Teaching Reform of Intelligent Robotics Curriculum under the New Engineering Paradigm

The rapid advancement of artificial intelligence (AI) and its deep integration with the real economy represent a pivotal national strategy for fostering new quality productive forces. The intelligent robot, as a crucial physical embodiment and integrative platform of AI technologies, has seen extensive application across sectors such as advanced manufacturing, healthcare, and personal services. Consequently, the “Intelligent Robotics” course has been widely incorporated into the undergraduate curricula of AI and related engineering programs in universities. However, under the “New Engineering” paradigm, which emphasizes interdisciplinary knowledge, innovation capabilities, and solving complex real-world engineering challenges, traditional lecture-based teaching methods for the intelligent robotics curriculum face significant shortcomings. These primarily include a disconnect between theoretical knowledge and practical application, a sequential and often disjointed arrangement of theory and lab sessions, and a lack of standardized teaching content and assessment criteria. To cultivate engineering talents capable of leading technological and industrial transformations, a fundamental reform in the teaching methodology of the intelligent robotics course is imperative.

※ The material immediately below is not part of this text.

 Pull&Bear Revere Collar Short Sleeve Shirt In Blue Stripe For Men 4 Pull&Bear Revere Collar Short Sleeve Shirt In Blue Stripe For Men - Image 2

Current Challenges in Intelligent Robotics Education

Traditional teaching models for intelligent robotics often struggle to meet the practical, hands-on demands intrinsic to the field. The primary challenges can be summarized as follows:

  • Theory-Practice Disconnect: Heavy reliance on abstract theoretical instruction without immediate practical application leads to a superficial understanding. Students may grasp concepts like kinematics or sensor fusion in theory but fail to comprehend their implementation on a physical intelligent robot system.
  • Sequential and Isolated Course Structure: Even in courses with lab components, experiments are typically scheduled after the completion of theoretical modules. This temporal gap weakens the reinforcing effect between learning and doing. Furthermore, labs often demand the immediate synthesis of multiple theoretical concepts, creating a steep learning curve without adequate foundational practice.
  • Lack of Standardization and Resource Disparity: As a rapidly evolving field, there is no unified standard for course content, experimental projects, or hardware platforms. Disparities in institutional resources mean that some lack access to sophisticated intelligent robot platforms, limiting students’ practical exposure.

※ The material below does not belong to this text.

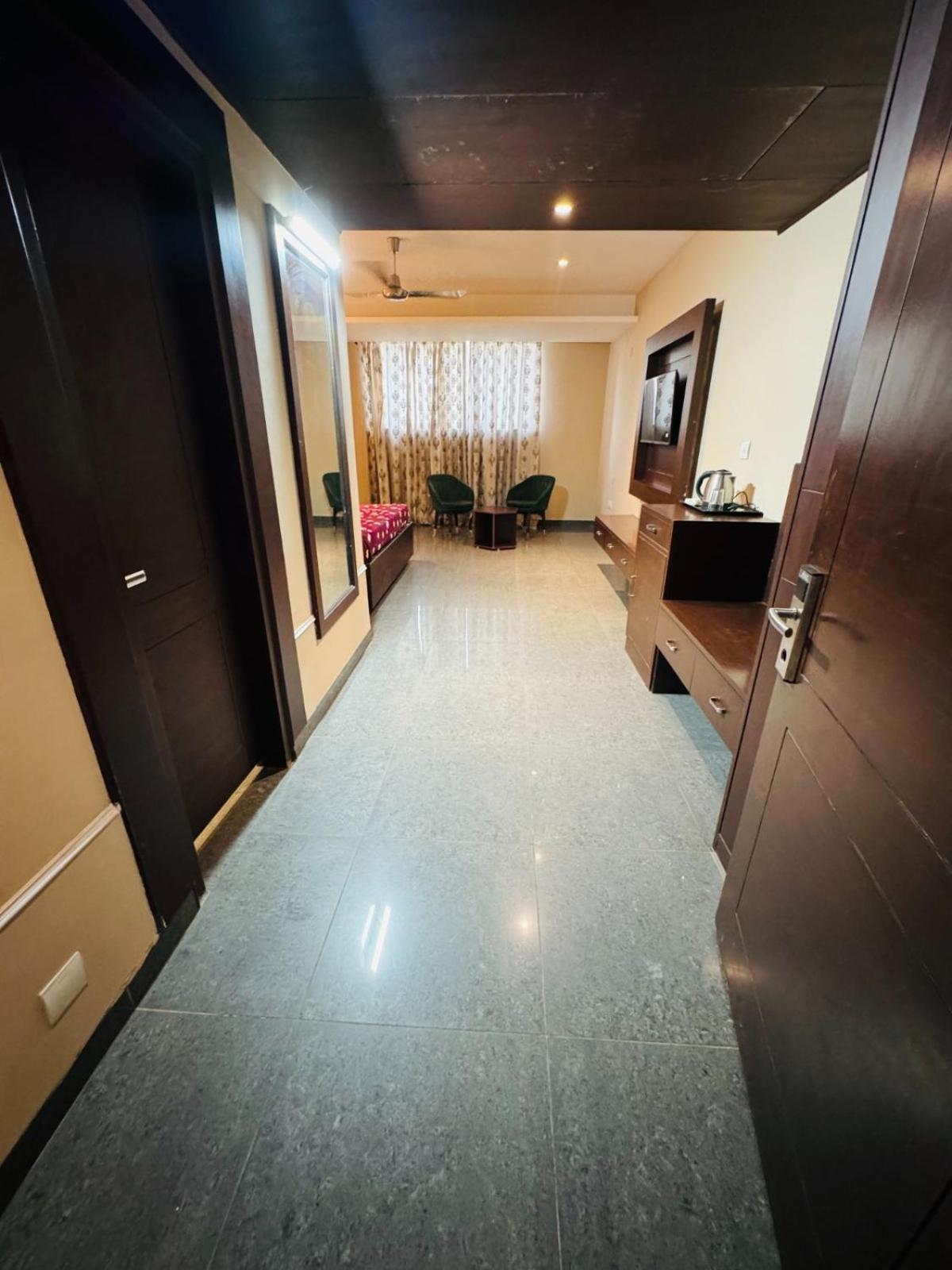 The Pearl Hotel Sirsa Екстериор снимка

These challenges necessitate an innovative teaching reform model centered on practical ability cultivation, aligning with the core objectives of New Engineering education.

Proposed Reform Framework: The “Theory-Practice Parallel” Model

The core of the proposed reform is a synchronized, integrated teaching model. It moves away from the traditional sequential approach, instead interweaving theoretical instruction with hands-on experimentation within the same instructional timeline. The overarching goal is to achieve a deep, reciprocal reinforcement where theory guides practice, and practice consolidates and illuminates theory. The reform framework is built upon three interconnected pillars, as shown in the table below:

Pillars of the Intelligent Robotics Teaching Reform Framework
Pillar Core Principle Key Implementation
Synchronized Curriculum Design Theory and practice are taught in parallel, not in sequence. Weekly schedule pairs a theoretical topic with a directly related experimental activity.
Integrated Learning Pathway Seamless progression from conceptual understanding to virtual and physical implementation. “Theory → Simulation → Physical Experiment” pedagogy is employed for complex modules.
Collaborative & Project-Based Learning Fosters teamwork, problem-solving, and systems engineering thinking. Students work in groups on experimental projects using assigned intelligent robot platforms, culminating in a final demonstration.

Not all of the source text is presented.